I imagine that statement is relatively obvious in at least some arenas. Money is shared. Jobs promotions, transfers, and firings deeply affect both spouses. Feelings are hurt in both directions. Communication has to be a two way street for anyone to know what’s going on. But at least one act is quite the challenge for deciding how far you can take the statement: infidelity.

Infidelity is 50 percent the fault of the cheater and 50 percent the fault of the cheated. Just making that claim sounds inherently flawed. Especially in a digital age, infidelity takes on more forms that just sex and even a sexual affair is quite often not actually about sex, but such deep betrayal of trust cuts to the core of almost any relationship. No matter what either person has done, infidelity is never an acceptable, reasonable, or appropriate response. But healthy, stable, emotionally fulfilled people in healthy, stable, emotionally safe marriages don’t cheat.

The reasons for infidelity are too myriad to list, but to create the space in which infidelity is an option requires contributions from both spouses. Loneliness, bitterness, anger, grief; feeling unheard, unappreciated, unloved, forgotten – none of these are possible without the participation of two parties. Until both sides recognize their contribution to the brokenness, healing is not possible. Unless both sides are willing to put in the work, healing won’t happen.

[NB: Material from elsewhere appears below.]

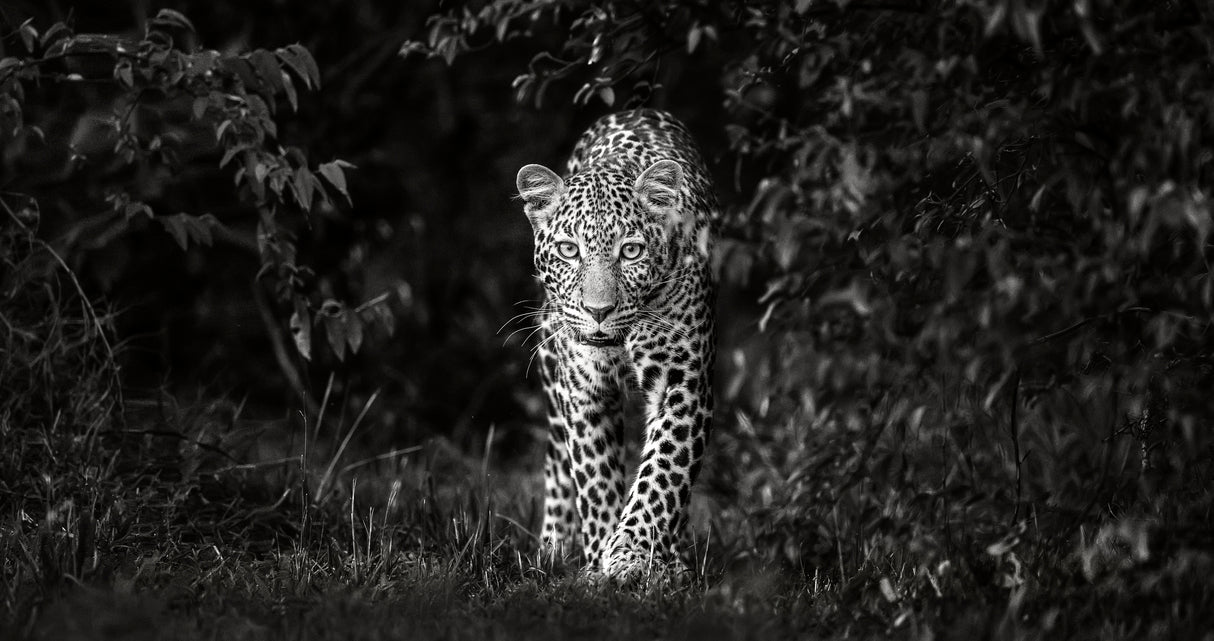 Leopard, eye to eye Poster och Canvastavla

The present brokenness of the United Methodist Church is a lot like the brokenness of a couple that has to face the reality of infidelity. I’ll absolutely grant that there are far more than two sides to the present impasse and the complexity of relationships between factions within and across the main divide have roots much farther back than any human life. But at the core of the impasse over human sexuality are voices crying out like a marriage in which someone cheats.

The conservative side has done nothing concrete and overt enough to be charged with violating the covenant relationship established  in the Book of Discipline. It is like a spouse so caught up in the appearance of the way things are “supposed” to be that it cannot see, much less respond to the needs of the spouse that realizes no one fits neatly into the boxes made by “should.”

The liberal side has openly flaunted the fact that it has and will continue to violate parts of that covenant that it believes are harmful to children of God. It is like a spouse crying out to be heard and embraced, but left to feel like the pristine image of an imagined past is more important than the lived reality of present people.

The dynamic is playing out exactly like one would expect to see in the messy aftermath of infidelity. If the marriage is to be saved, our brokenness has to be recognized for what it is: a 50/50 conflict that requires a 50/50 resolution. Can this particular marriage be saved? I have no idea, but certainly not unless we figure out how to listen to one another and have the fight we intend to have.

It may surprise most people that the majority of couples choose to stay married after discovering a partner’s affair. And many of those marriages wind up stronger after the affair than before. The trauma of infidelity is never a pleasant or desired outcome per se, but it can create the space in which each spouse is finally forced to listen and hear what the other is saying. When we truly listen and hear each other, there is hope for a stronger marriage in which we don’t simply not break the rules of the covenant. In pursuing the dynamic, growing, passionate heart of God, we may actually find the unity in difference that defines the body of Christ.